To Read an Analysis of this decision see: Ski area defendant got caught falsifying employee records by the plaintiff.

99 Mass.App.Ct. 1126
170 N.E.3d 345 (Table)

Heidi HACHE 1 & another2

v.
WACHUSETT MOUNTAIN SKI AREA, INC.

20-P-455

Appeals Court of Massachusetts.

Entered: May 24, 2021.

MEMORANDUM AND ORDER PURSUANT TO RULE 23.0

The plaintiff, Heidi Hache, individually and as next friend of her son Alexander Hache, appeals from an order denying her motion for a finding that Wachusett Mountain Ski Area, Inc. (Wachusett), committed fraud on the court and for sanctions, and from an order denying her motion for an increased rate of interest, attorney’s fees, and costs under G. L. c. 231, § 6F. We vacate the order denying the motion for a finding of fraud on the court and remand that matter for an evidentiary hearing.

Background. The plaintiffs sued Wachusett for negligently operating its ski area, causing then twelve year old Alexander to fall from a ski lift and suffer severe and permanent injuries.4

1. Falsified evidence. Wachusett produced documents and stated in its answers to interrogatories that the employee operating the lift on the day of the incident, Dylan Wilson, had received the requisite training pursuant to 526 Code Mass. Regs. § 10.09.5 A training certificate produced by Wachusett stated that lift operator Wilson had completed an online training program under a profile with the username “jshepard.”

Heidi noticed a deposition of Wachusett pursuant to Mass. R. Civ. P. 30 (b) (6), 365 Mass. 780 (1974) ( rule 30 [b] [6]), and included a request for “[a]ny documents and [electronically stored information] relative to the identity of J. Shepard, his/her position at Wachusett Mountain and his/her involvement in any way with Dylan Wilson.” On June 2, 2017, Wachusett responded that Wachusett had no such documents in its present care, custody, or control.

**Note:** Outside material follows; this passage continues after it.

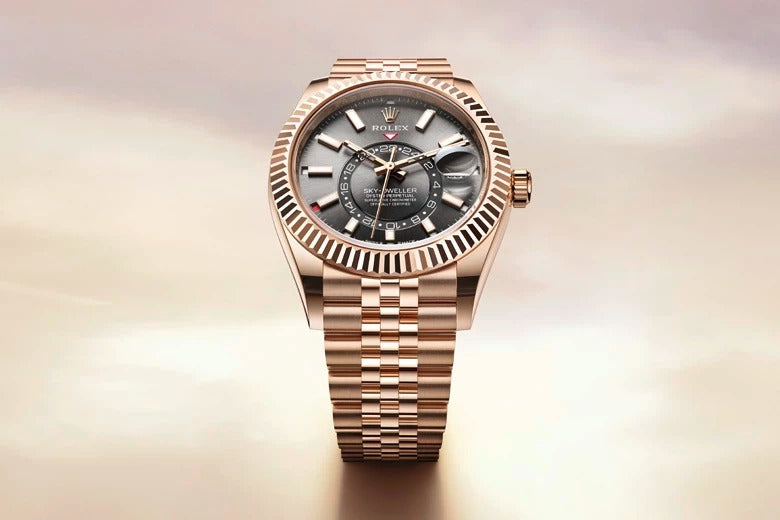 Sky-Dweller – 42 mm in 18 ct Yellow Gold | Prestige Travel Watch with Dual Time Zone & Annual Calendar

Wachusett’s designee for the deposition of the corporation, Corey Feeley, testified to the following: Wilson was properly trained to operate the ski lift. Wilson had completed the training under the jshepard username because that username had been created for a prior hire, who had ultimately not become an employee, and Feeley did not want to pay another fifty dollar license fee. Wilson completed the training in November 2014 even though he did not begin work until February 2015. Feeley and a human resources director, Molly Buckley, had been unable to locate an application for employment by Shepard.6

After the Wachusett corporate deposition, Heidi subpoenaed training records from a third party training website identified as Bullwheel and learned that jshepard was a boy named Jacob Shepard. On July 27, 2017, Heidi deposed Shepard. He testified that he worked at Wachusett starting in late 2013 through April 2014 and resuming in late 2014 and into 2015 and that he interacted with Feeley once or twice per shift. In November of 2014, Shepard completed the online training under the jshepard username. He also provided payroll records and emails to prove his employment at Wachusett.

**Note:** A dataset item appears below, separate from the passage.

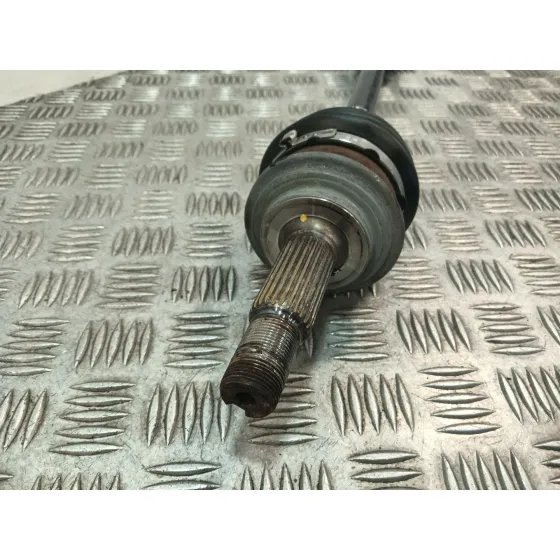 Transmision Delantera Izquierda para Toyota Yaris (_P13_)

Over a year later, on October 30, 2018, Heidi deposed Jonathan Putney, an employee of Noverant, Inc., the company hosting the online training program. The Noverant records showed that on March 11, 2015 — after the incident — a user named “cfeeley” had altered the jshepard profile to display the name Dylan Wilson. The Noverant records also showed that on the same date, a username of “dwilson” was created and that this username completed the training course between March 13 and March 16, 2015.

2. Procedural background. After considerable procedural skirmishing, Wachusett conceded liability and causation and sought to limit evidence of the fraud at trial. Heidi cross-moved for a finding that Wachusett committed fraud on the court based on the evidence discussed above. Heidi contended that Wachusett falsified an employee training record to conceal the lack of training, produced the falsified record in discovery, directed the plaintiffs to that falsified record in interrogatory responses, testified under oath to the authenticity of the training record in a deposition of the company pursuant to rule 30 (b) (6), and spoliated employment and payroll records to hide the fraud.

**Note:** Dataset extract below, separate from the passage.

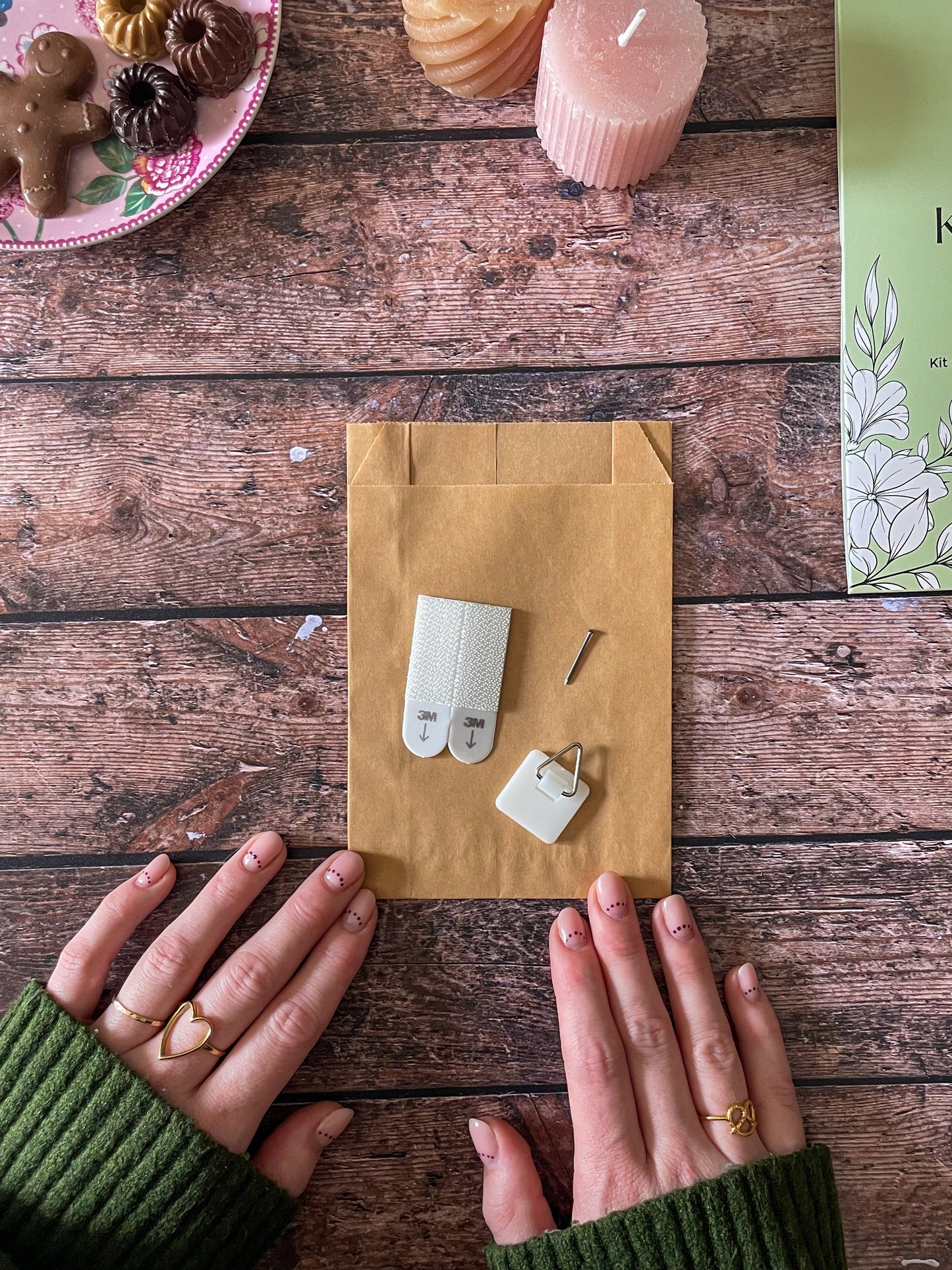 Kit de fixation et d'accroche murale pour broderies en bois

The judge ruled on Heidi’s motion for a finding of fraud on the court as follows:

“The court will not permit the introduction of evidence of fraud to the extent that it only relates to proof of liability. However, if the proffered evidence becomes relevant on an issue relating to damages or the credibly of a witness, the court will consider the admissibility of that evidence at trial. Plaintiffs’ cross motion is otherwise deferred until after trial.”

After a trial on the issue of damages, the jury returned a verdict for the plaintiffs in the amount of $3,275,000. Judgment in the amount of $4,560,105.20 entered on July 18, 2019.

Fourteen days after the entry of judgment, Heidi served a posttrial motion for a finding of fraud on the court and imposition of sanctions, incorporating by reference her earlier cross motion seeking the same relief. She also moved for attorney’s fees and other relief under G. L. c. 231, § 6F. The judge held a nonevidentiary hearing on the motions, at which she asked Heidi’s counsel whether he wanted an evidentiary hearing, to which he responded, “I’m happy to present evidence.” After consideration of written submissions and the trial,7 on January 29, 2020, the judge denied the motions, finding “no evidence that Wachusett management, including the president and owner of Wachusett, Crowley, or Wachusett’s attorneys, knew about the falsified records or the lack of training the [p]laintiff uncovered it.”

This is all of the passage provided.